En 1966 quand ma grand-tante est décédée nous sommes allés nous installer dans la maison familiale en même temps que la ferme était détruite et remplacée par une patinoire de parpaings bleu-ciel. Un jour qu’il assitait à un match de hockey l’ancien fermier reçut le palet qui lui brisa le nez.

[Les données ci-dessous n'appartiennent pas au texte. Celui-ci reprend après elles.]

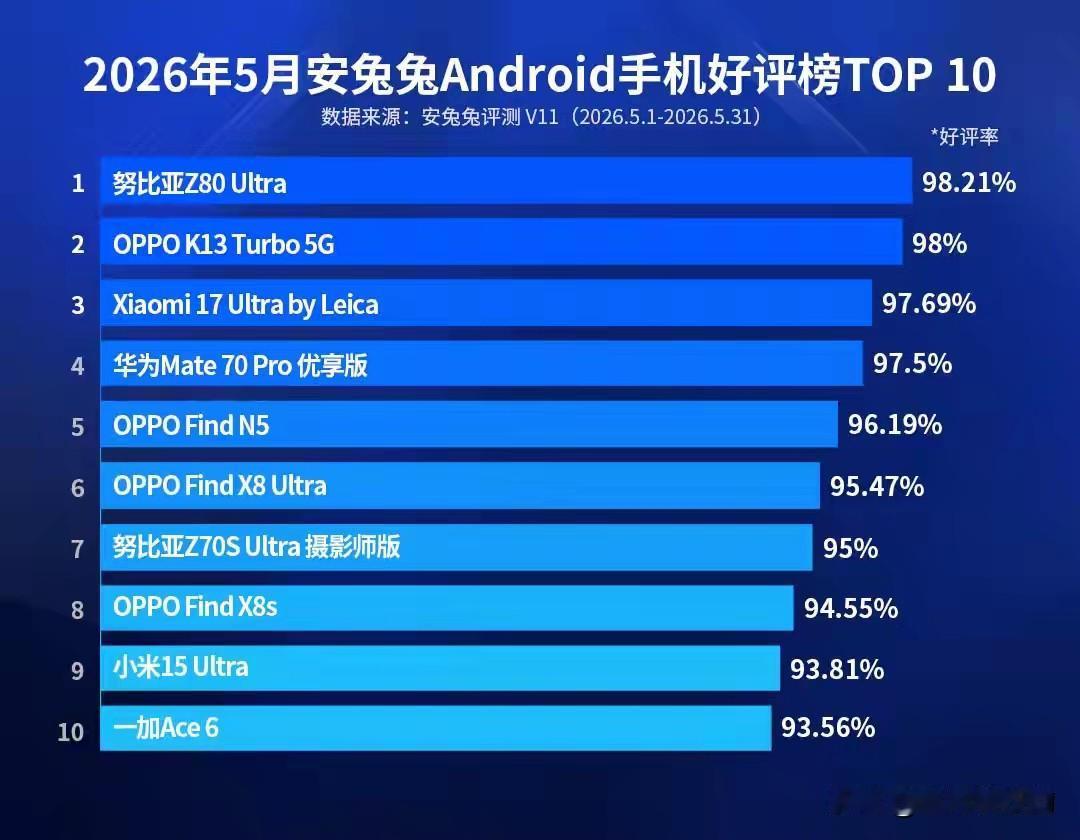 安兔兔5月好评榜出炉，努比亚Z80 Ultra七连冠，稳坐头把交椅！

安兔兔放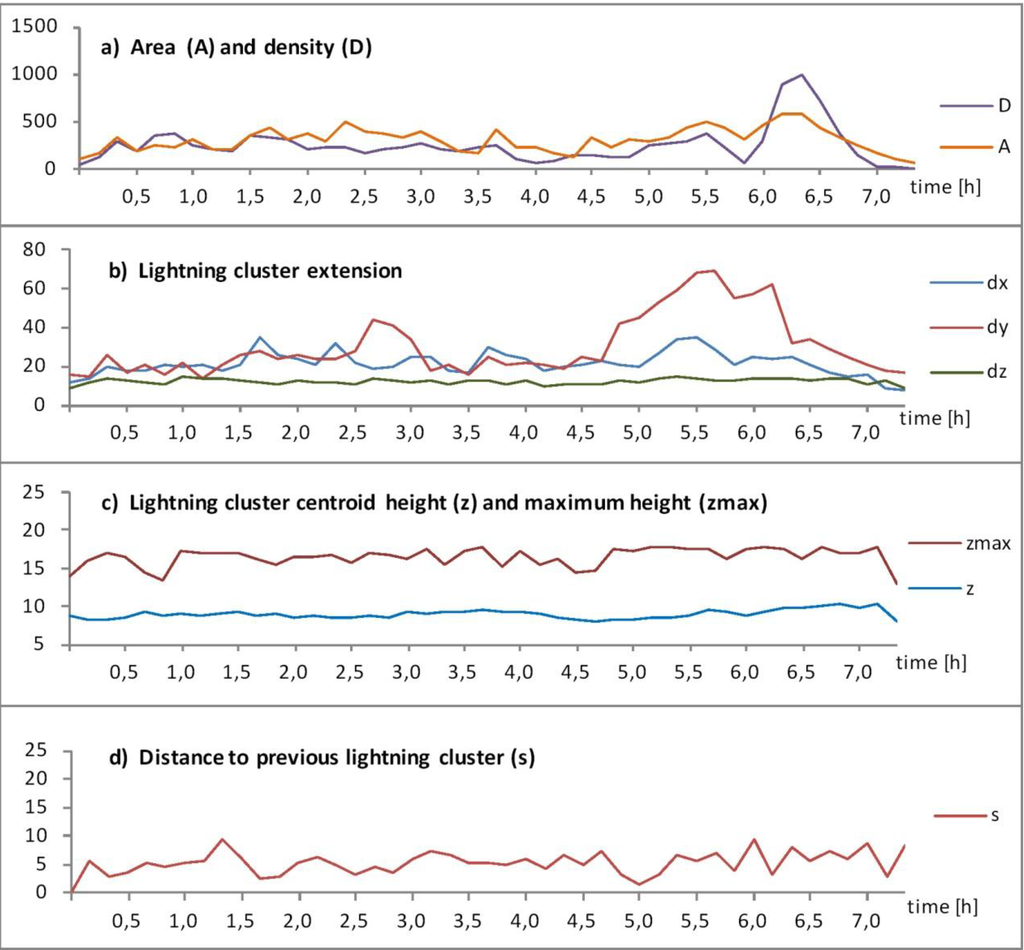 Ijgi 02 00817 g009 1024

Il avait avant de céder construit sur une partie des prairies un vaste ensemble de garages qu’il louait aux habitants et entre lesquelles mes voisines et moi jouions souvent.
Il avait également fait construire une belle maison à l’emplacement du potager, dans lequel mon arrière grand-père aimait parait-il à travailler, maison qu’il occupa avec sa femme jusqu’à leur mort au début des années 90. Cette maison dépourvue de tout terrain adjacent est occupée aujourd’hui par une famille de cadres.
Lors de la construction de cette maison le fermier avait arraché sous mon regard passionné, avec son tracteur, la haie d’aubépines qui bordait le terrain.
La patinoire a été rasée à la fin des années 90 pour laisser la place à un bloc d’appartements de standing.
Sur la photo prise à la fin des années 30 sous l’arbre de la pâture toujours debout aujourd’hui , on voit ma mère, mon arrière grand père, Emile Verhiest, que je n’ai pas connu mais qui m’a laissé le gout des chapeaux, et mon arrière grand-mère, Elisa Duponchel, morte quand j’avais 3 ans et dont je me souviens un peu.